Reactions: Like Like:
1 | Like List reactions


----------



## Wurger (Dec 24, 2014)

A nice collection.


----------



## Capt. Vick (Dec 24, 2014)

Well done old boy


----------



## dneid (Dec 24, 2014)

fubar57 said:


> Nice. Note to self.....be more productive.
> 
> Geo



lol.... Hey, George, make some room in that boat for me, will you? I sure could stand to be more productive myself. Wanna be my modeling accountability partner?

Very nice collection you put together this year, Jeff. Very nice indeed. What kit is the B-17?


----------



## Jeff Hunt (Dec 25, 2014)

dneid said:


> lol.... Hey, George, make some room in that boat for me, will you? I sure could stand to be more productive myself. Wanna be my modeling accountability partner?
> 
> Very nice collection you put together this year, Jeff. Very nice indeed. What kit is the B-17?

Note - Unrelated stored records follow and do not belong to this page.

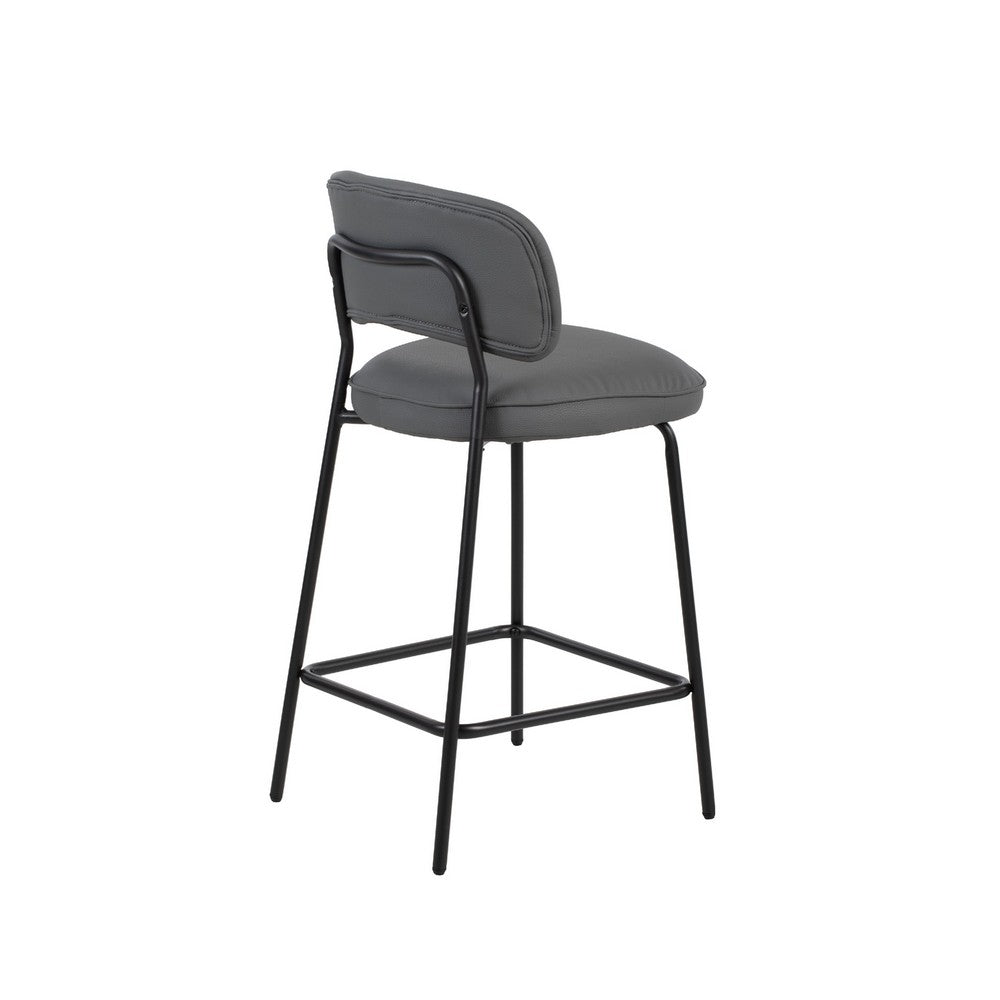 Bly Counter Stool Chair Set of 2 | Gray Faux Leather | Iron Base
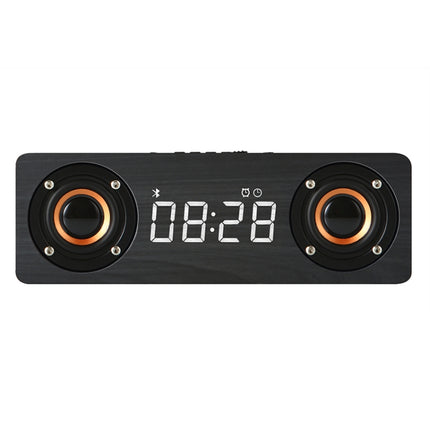 M5C Subwoofer Wooden Clock Bluetooth 4.2 Speaker, Support TF Card & 3.5mm AUX & FM Radio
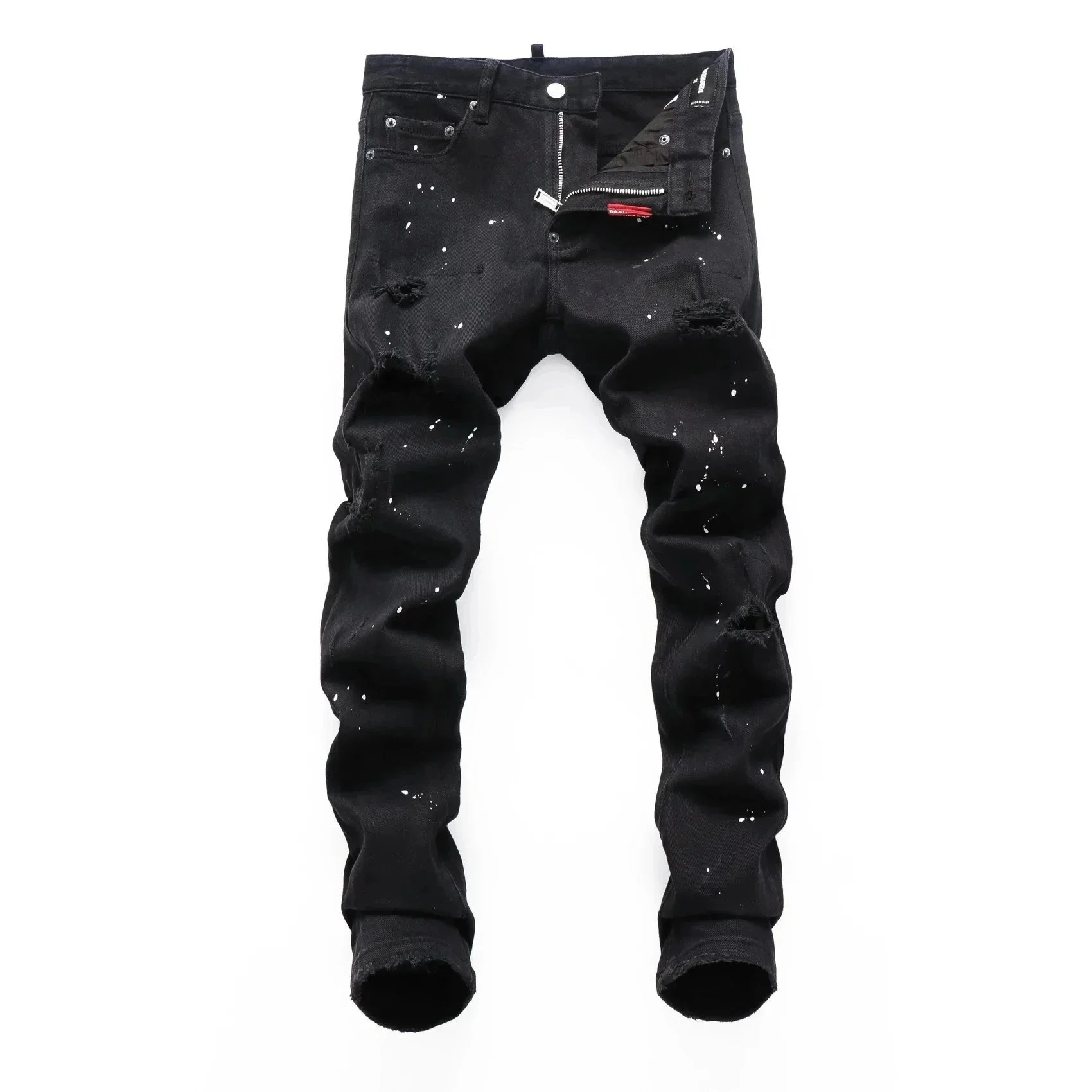 Fashion Painted Men Jeans Stretch Slim Fit Pants Black Jeans Long Pants Denim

Revell B-17F Memphis Belle but I used aftermarket decals.

Jeff


----------



## Airframes (Dec 25, 2014)

Great stuff Jeff. At my present rate of work, that would be around five year's worth production!


----------



## Catch22 (Dec 27, 2014)

A lot better than me! I've finished two in the past two years...both F4Us.


----------



## Wayne Little (Dec 28, 2014)

Done alright there Jeff!


----------



## Gnomey (Jan 8, 2015)

Good work Jeff!


----------